そのように恍惚とした表情を浮かべながら、彼女は小脇に抱えた男の生首をしなやかな指で愛撫している。首は、すでに土気色に変じ、眼も静かに閉じられている。その暗さ、死の静かさが、眩い金に包まれ、まるでひとりの男を破滅に追いやった自身の「女の力」を誇示しているかのようなユディトを、より妖しく生き生きと輝かせている。

ユディトの姿だけではなく、さらに額縁にも注目したい。上部にはドイツ語で大きく「ユディトとホロフェルネス」の文字が浮かんでいる。その周囲に施された金色の装飾は、画面の金地と、そこに描き込まれた文様(ホロフェルネスの故郷アッシリアのレリーフを参考にしている)とつながっている。まさに画面(絵)と、それを縁取る額縁とが一体化し、ひとつの作品と化しているのである。

この額縁は、クリムト自身のデザインに拠る。彼はこの《ユディトI》以外にも、しばしば自分で額縁をデザインしているが、これは源をたどれば、20代の頃の装飾画家としての活動に行き着く。そして、額縁や画面に金を用いるというアイデアは、日本美術の影響が指摘されている。

つまり、この《ユディトI》、そして「黄金様式」には、当時39歳だったクリムトが、自身のこれまでの仕事や、国外の美術を通して学んだ技法など、それまでに積み重ねてきた様々な要素が、詰まっている。「黄金様式」とは、まさに彼の種々様々な経験を土台にしてつくり上げられた、クリムトならではの様式と言えよう。

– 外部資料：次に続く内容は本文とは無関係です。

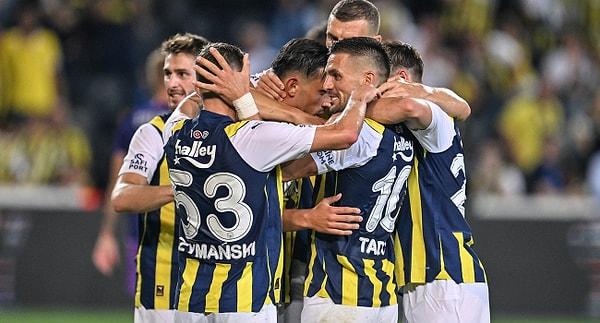 Heyecanla beklenen karşılaşma öncesinde maçın yayıncısı, sosyal medya hesabından yaptığı tanıtım paylaşımında “Fenerbahçe Ludogerets’i bu akşam evire çevire n’apar?” ifadelerine yer verdi.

《オイゲニア・プリマフェージの肖像》ーー黄金様式を越えた先、色彩様式へ

1900年代は、まさにクリムトの「黄金時代」絶頂期だった。《ダナエ》(1907-08)や《アデーレ・ブロッホ=バウアーの肖像I》(1907)、大作《ベートーヴェン=フリーズ》(1902)など、クリムトの代表作として名高い多くの作品がこの時期に生まれている。

いっぽうで1909年にはこんな言葉を発している。「若い人たちはもはや私を理解しない。彼らは別の方向に進んでいる。彼らがそもそも私を評価しているのかどうかもわからない」。

そして1910年以降になると、金を使うことは次第になくなっていき、代わりにカラフルな色彩が画面を埋め尽くすようになる。作例として、《オイゲニア・プリマフェージの肖像》(1913 / 14)を見てみよう。

モデルはクリムトのパトロンの妻で、作品は彼女へのクリスマスプレゼントとして制作されたものである。また、彼女の4人の子供のひとりメーダもまた、前年にクリムトの肖像画のモデルになっているなど、関わりは深い。

絵の前に立って、まず目につくのは背景に塗られた鮮やかな黄色である。そして、画面中央には、ピンクや赤、緑など様々な色がモザイク状に集まり、塊を成している。ヴェネチアン・グラスの一種「ミルフィオリ」にも似ている。右上にはやや暗い色調で、東洋風の鳥の文様が描かれている。写真のようにモデルの特徴を描き留めている、というよりも、装飾文様と人間とが溶け合っている。

写実的に描かれたモデルの手や頭部がなければ、すべての要素はカラフルで抽象的な文様として、画面の中で紛れてしまうかもしれない。だが一歩離れて画面全体を見渡したとき、黄金を使った絵画に比べて、明るくより親しみやすい印象を受ける。

この作品は、クリムトがちょうど黄金様式から色彩様式へと踏み出した時期に位置している。彼は、迷い、足掻きながらも先に進もうとしていたと言えよう。

こうしてたどって見ると、浮かび上がってくるのは、「芸術」というものに真摯に向き合い続けたクリムトの在り方である。成功にあぐらをかくことなく、新たな表現に挑戦し続けた。「黄金様式」は、彼の代名詞としてクローズアップされやすいが、彼にとってはひとつの通過点に過ぎなかったのかもしれない。

あと5年、あるいは10年生きていたら、また別のスタイルで女性を描いていたかもしれない。扱うモチーフにもまた変化が現れただろうか。